Zmarł pionier kubańskiego ruchu dysydenckiego
Gustavo Arcos, pionier kubańskiego ruchu
dysydenckiego, zmarł w szpitalu w wieku 79 lat, w wyniku
powikłań po zapaleniu płuc - poinformował wieczorem Kubański
Komitet Obrony Praw Człowieka (CCPDH), którego Arcos był twórcą i
przewodniczącym.
08.08.2006 | aktual.: 08.08.2006 22:59
Arcos, z wyznania katolik, z przekonania liberał i demokrata, przyłączył się w młodości do ruchu Fidela Castro i uczestniczył w lipcu 1953 roku w nieudanym ataku na koszary Moncada, od którego rozpoczęła się zbrojna walka kubańskich sił postępowych i demokratycznych z ówczesnym reżimem Batisty.
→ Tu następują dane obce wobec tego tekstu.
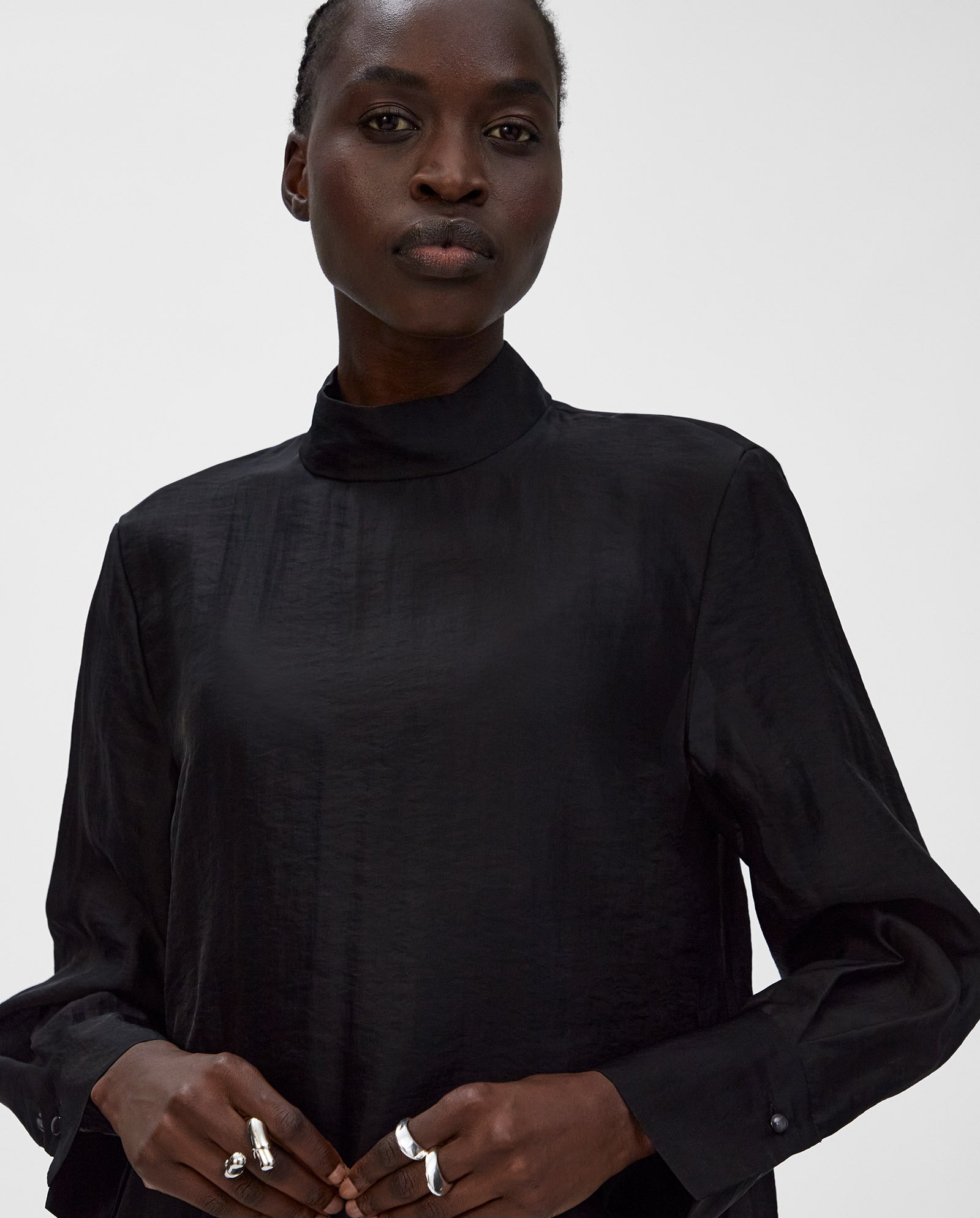 A person wearing a high-neck, long-sleeve IVY OAK EBONEY Blouse and silver rings stands against a plain background.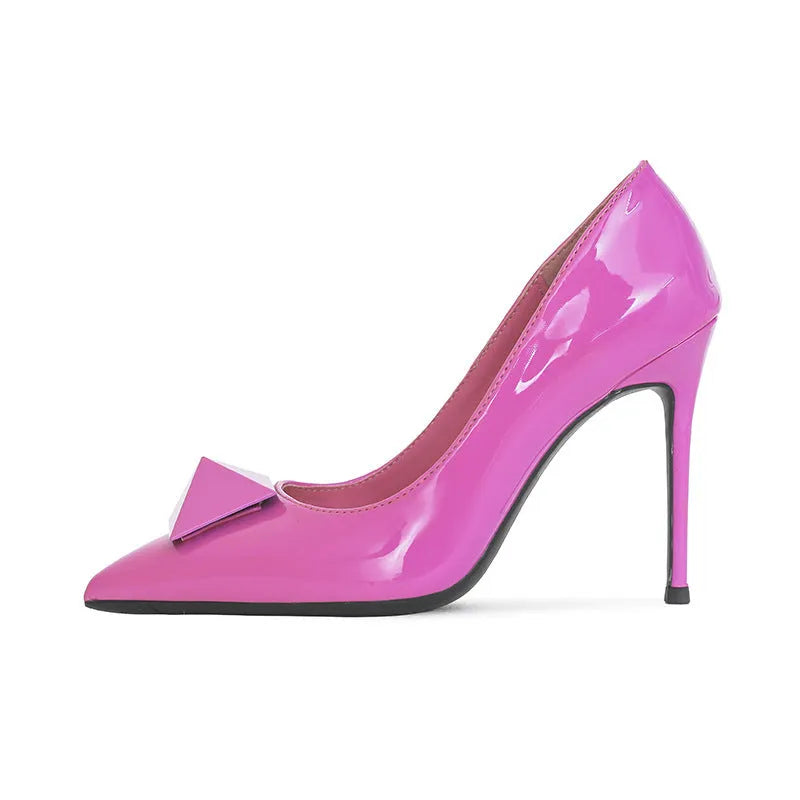Women's pink patent leather pointed toe stiletto heels with buckle closure and rivet details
W ataku tym został ranny.
Po porażce powstańców w 1953 roku udał się na emigrację. W latach pięćdziesiątych działał w wielu krajach Ameryki, w tym w USA, organizując pomoc dla kubańskiego ruchu oporu. Po zwycięstwie kubańskiej rewolucji w 1959 roku Arcos pozostawał związany z nowymi władzami kubańskimi pod wodzą Castro jeszcze przez kilka lat, współdziałając z nimi w pierwszym, demokratycznym okresie nowej władzy. W latach 1960 - 1964 był ambasadorem Kuby w Brukseli.
Po powrocie z Europy Arcos rozpoczął otwartą krytykę reżimu Castro, który w pierwszej połowie lat sześćdziesiątych wybrał drogę socjalistycznego rozwoju i bliskich powiązań z Moskwą. Został wtrącony do więzienia, gdzie przebywał dwukrotnie - w latach 1966-69, a następnie 1982-88. Za pierwszym razem skazano go za zdradę, druga kara spotkała go za "próbę nielegalnego opuszczenia terytorium kraju".